(Data section begins)

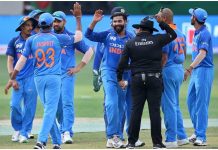 वर्ल्ड कप 2019 के लिए टीम इंडिया का एलान, गुडलक!   वर्ल्ड कप 2019 के लिए टीम इंडिया का एलान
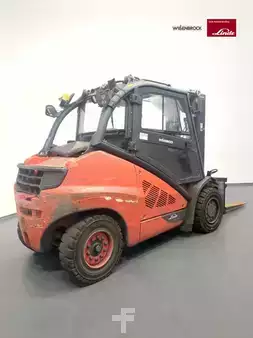 Carrelli elevatori diesel 2016  Linde H50D-394-02 (2)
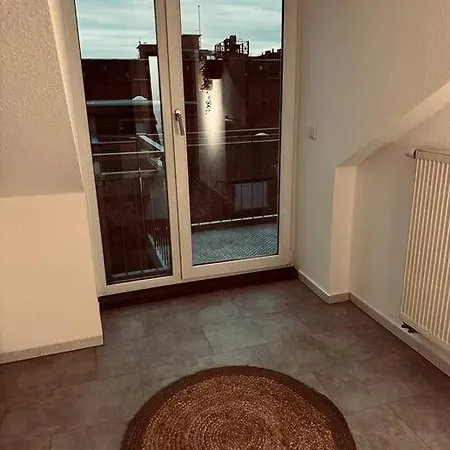 Apartment Gemuetliche Altstadtwohnung Mit Balkon Smart-tv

(Data section ends)

__Exercise goal__.
The lines to copy run from the one with "Carrelli elevatori diesel" through the end of the material. Write them out exactly, leaving out the pictures.

__Result of the task__.
 Carrelli elevatori diesel 2016  Linde H50D-394-02 (2)
 Apartment Gemuetliche Altstadtwohnung Mit Balkon Smart-tv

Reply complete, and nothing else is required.